■ **SUPPLIED RECORDS**
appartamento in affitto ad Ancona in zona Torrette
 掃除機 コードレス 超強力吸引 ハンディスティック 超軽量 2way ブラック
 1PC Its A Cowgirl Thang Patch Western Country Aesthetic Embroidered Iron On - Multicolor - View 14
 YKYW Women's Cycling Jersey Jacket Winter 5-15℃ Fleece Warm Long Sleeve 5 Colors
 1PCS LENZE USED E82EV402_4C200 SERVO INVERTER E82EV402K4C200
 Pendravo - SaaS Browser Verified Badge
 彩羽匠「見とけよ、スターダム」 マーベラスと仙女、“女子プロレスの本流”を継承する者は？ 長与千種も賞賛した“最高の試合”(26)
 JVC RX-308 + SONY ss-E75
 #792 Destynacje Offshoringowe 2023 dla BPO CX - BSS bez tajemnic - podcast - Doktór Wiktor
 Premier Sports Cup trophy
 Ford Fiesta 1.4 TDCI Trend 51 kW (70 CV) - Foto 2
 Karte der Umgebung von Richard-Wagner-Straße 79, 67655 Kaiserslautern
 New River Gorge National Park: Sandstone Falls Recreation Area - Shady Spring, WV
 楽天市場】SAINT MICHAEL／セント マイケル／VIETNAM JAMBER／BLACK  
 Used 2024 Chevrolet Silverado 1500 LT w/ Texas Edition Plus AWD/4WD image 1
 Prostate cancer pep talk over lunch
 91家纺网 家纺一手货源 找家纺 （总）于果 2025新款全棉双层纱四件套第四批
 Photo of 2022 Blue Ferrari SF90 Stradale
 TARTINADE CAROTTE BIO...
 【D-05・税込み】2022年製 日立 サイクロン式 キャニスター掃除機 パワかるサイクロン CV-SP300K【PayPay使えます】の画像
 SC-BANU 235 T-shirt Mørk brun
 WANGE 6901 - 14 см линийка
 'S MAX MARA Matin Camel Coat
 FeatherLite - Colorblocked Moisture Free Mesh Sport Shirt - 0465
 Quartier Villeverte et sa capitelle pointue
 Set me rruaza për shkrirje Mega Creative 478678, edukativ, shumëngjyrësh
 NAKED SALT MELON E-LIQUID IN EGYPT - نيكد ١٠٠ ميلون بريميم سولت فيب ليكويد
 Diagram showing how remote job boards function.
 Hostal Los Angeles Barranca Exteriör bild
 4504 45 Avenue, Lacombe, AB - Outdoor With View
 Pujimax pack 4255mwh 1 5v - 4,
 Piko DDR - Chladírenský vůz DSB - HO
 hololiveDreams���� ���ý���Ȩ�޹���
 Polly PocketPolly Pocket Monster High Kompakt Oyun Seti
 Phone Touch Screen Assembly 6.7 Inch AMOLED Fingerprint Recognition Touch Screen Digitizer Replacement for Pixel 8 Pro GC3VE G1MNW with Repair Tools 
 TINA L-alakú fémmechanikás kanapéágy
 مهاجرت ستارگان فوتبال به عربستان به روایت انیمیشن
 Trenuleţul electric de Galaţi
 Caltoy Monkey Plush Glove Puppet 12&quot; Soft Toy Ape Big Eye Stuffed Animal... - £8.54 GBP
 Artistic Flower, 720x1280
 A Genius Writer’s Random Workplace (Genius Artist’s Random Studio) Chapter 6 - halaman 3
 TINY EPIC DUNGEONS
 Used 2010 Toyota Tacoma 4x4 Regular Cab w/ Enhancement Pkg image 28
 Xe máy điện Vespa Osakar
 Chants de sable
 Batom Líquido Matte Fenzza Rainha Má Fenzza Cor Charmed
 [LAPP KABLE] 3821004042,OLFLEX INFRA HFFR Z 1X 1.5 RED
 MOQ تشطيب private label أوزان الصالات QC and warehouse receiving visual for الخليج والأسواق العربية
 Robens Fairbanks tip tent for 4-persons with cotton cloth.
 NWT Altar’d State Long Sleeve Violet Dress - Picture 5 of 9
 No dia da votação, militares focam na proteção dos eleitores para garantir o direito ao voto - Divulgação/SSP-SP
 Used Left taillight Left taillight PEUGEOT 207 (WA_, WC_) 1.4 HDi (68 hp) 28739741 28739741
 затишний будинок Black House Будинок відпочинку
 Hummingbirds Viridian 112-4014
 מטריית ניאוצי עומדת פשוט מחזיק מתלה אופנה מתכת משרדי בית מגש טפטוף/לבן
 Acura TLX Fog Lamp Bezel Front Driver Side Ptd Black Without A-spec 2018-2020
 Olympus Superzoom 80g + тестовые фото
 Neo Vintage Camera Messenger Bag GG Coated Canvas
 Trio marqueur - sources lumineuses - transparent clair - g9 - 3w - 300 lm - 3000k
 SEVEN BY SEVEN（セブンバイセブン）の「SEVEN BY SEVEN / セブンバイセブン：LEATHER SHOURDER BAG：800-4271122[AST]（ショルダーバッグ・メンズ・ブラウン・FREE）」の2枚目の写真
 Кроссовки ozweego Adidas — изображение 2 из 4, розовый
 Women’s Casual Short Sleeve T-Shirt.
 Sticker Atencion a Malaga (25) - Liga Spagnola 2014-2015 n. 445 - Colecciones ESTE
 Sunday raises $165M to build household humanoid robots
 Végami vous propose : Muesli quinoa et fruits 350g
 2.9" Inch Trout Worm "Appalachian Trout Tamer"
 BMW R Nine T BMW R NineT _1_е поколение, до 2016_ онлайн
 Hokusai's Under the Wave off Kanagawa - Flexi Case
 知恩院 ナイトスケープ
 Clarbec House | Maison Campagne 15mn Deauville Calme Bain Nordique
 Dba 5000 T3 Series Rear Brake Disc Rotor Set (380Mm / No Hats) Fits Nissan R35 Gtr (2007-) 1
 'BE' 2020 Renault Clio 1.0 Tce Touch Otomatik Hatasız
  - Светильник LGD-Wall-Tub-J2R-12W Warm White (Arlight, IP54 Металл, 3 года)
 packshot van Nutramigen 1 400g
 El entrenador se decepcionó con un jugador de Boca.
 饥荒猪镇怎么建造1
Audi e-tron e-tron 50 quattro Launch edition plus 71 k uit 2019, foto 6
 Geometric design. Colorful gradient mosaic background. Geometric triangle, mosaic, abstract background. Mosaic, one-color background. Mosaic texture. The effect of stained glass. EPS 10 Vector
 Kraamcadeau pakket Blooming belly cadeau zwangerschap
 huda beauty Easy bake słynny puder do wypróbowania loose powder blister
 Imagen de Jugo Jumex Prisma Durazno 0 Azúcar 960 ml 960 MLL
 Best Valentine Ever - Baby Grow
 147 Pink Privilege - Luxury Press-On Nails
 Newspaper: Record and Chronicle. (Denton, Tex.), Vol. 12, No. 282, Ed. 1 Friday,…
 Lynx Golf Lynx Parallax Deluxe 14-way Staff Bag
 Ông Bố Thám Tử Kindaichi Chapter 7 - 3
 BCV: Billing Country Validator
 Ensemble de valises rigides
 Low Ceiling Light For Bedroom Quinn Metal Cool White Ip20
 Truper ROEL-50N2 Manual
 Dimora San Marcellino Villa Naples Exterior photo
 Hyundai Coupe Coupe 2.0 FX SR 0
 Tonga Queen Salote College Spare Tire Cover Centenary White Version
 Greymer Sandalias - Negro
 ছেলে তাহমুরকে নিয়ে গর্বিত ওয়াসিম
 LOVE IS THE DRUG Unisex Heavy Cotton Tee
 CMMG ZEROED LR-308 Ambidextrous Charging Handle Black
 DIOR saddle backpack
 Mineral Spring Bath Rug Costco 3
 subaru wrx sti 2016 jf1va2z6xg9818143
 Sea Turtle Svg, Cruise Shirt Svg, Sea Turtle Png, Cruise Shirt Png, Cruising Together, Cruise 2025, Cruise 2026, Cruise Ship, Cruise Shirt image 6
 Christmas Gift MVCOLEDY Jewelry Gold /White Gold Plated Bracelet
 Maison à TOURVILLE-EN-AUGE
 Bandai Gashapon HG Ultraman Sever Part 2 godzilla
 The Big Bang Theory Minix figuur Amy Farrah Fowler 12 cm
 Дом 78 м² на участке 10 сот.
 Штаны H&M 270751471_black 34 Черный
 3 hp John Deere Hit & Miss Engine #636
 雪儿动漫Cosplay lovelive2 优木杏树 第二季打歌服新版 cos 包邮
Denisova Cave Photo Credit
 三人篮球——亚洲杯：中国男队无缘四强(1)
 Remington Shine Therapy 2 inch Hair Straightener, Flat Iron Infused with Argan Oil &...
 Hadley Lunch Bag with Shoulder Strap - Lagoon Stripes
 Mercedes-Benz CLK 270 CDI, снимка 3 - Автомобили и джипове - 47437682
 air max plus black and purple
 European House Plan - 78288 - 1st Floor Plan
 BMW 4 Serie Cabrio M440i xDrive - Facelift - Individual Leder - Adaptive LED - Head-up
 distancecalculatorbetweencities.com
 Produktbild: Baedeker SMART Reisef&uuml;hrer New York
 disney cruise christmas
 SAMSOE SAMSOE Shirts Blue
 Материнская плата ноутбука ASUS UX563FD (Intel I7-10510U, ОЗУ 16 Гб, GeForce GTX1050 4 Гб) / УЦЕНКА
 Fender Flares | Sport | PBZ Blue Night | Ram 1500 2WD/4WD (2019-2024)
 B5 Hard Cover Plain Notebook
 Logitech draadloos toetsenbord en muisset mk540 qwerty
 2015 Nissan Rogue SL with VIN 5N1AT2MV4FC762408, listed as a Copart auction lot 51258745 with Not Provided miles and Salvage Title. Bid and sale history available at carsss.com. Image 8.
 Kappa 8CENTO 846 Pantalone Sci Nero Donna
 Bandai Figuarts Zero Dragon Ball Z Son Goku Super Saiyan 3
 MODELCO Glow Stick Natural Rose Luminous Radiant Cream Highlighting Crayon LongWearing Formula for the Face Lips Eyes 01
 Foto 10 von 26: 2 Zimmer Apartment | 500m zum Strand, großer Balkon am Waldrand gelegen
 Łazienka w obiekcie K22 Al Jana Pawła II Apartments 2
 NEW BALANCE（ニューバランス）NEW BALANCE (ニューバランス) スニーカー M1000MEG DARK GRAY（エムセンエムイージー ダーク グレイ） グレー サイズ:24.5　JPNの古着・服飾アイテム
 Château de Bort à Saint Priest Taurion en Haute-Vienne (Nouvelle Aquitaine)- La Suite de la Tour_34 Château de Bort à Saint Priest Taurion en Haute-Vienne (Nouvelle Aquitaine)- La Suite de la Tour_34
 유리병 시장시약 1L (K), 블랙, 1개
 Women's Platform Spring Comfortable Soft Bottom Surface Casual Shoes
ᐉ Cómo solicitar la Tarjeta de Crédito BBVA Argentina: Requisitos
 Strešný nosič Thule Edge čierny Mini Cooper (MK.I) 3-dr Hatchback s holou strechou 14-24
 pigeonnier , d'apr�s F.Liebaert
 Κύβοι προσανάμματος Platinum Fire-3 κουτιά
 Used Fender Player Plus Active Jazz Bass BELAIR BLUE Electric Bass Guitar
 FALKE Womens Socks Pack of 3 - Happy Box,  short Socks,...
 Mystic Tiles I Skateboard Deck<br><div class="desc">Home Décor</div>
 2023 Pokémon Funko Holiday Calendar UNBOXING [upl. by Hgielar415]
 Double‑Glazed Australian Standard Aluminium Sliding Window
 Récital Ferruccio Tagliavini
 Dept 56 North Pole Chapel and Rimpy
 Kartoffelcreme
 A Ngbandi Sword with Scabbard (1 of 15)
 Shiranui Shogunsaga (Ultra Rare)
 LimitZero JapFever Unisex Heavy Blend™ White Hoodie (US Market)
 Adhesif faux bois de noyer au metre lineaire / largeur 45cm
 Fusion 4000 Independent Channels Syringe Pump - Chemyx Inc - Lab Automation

■ **AIM OF THE TASK**
Please give an exact restatement of only the lines from the beginning of the material above to the line with "Piko DDR - Chladírenský vůz DSB - HO", inclusive.

■ **RESPONSE**
appartamento in affitto ad Ancona in zona Torrette
 掃除機 コードレス 超強力吸引 ハンディスティック 超軽量 2way ブラック
 1PC Its A Cowgirl Thang Patch Western Country Aesthetic Embroidered Iron On - Multicolor - View 14
 YKYW Women's Cycling Jersey Jacket Winter 5-15℃ Fleece Warm Long Sleeve 5 Colors
 1PCS LENZE USED E82EV402_4C200 SERVO INVERTER E82EV402K4C200
 Pendravo - SaaS Browser Verified Badge
 彩羽匠「見とけよ、スターダム」 マーベラスと仙女、“女子プロレスの本流”を継承する者は？ 長与千種も賞賛した“最高の試合”(26)
 JVC RX-308 + SONY ss-E75
 #792 Destynacje Offshoringowe 2023 dla BPO CX - BSS bez tajemnic - podcast - Doktór Wiktor
 Premier Sports Cup trophy
 Ford Fiesta 1.4 TDCI Trend 51 kW (70 CV) - Foto 2
 Karte der Umgebung von Richard-Wagner-Straße 79, 67655 Kaiserslautern
 New River Gorge National Park: Sandstone Falls Recreation Area - Shady Spring, WV
 楽天市場】SAINT MICHAEL／セント マイケル／VIETNAM JAMBER／BLACK  
 Used 2024 Chevrolet Silverado 1500 LT w/ Texas Edition Plus AWD/4WD image 1
 Prostate cancer pep talk over lunch
 91家纺网 家纺一手货源 找家纺 （总）于果 2025新款全棉双层纱四件套第四批
 Photo of 2022 Blue Ferrari SF90 Stradale
 TARTINADE CAROTTE BIO...
 【D-05・税込み】2022年製 日立 サイクロン式 キャニスター掃除機 パワかるサイクロン CV-SP300K【PayPay使えます】の画像
 SC-BANU 235 T-shirt Mørk brun
 WANGE 6901 - 14 см линийка
 'S MAX MARA Matin Camel Coat
 FeatherLite - Colorblocked Moisture Free Mesh Sport Shirt - 0465
 Quartier Villeverte et sa capitelle pointue
 Set me rruaza për shkrirje Mega Creative 478678, edukativ, shumëngjyrësh
 NAKED SALT MELON E-LIQUID IN EGYPT - نيكد ١٠٠ ميلون بريميم سولت فيب ليكويد
 Diagram showing how remote job boards function.
 Hostal Los Angeles Barranca Exteriör bild
 4504 45 Avenue, Lacombe, AB - Outdoor With View
 Pujimax pack 4255mwh 1 5v - 4,
 Piko DDR - Chladírenský vůz DSB - HO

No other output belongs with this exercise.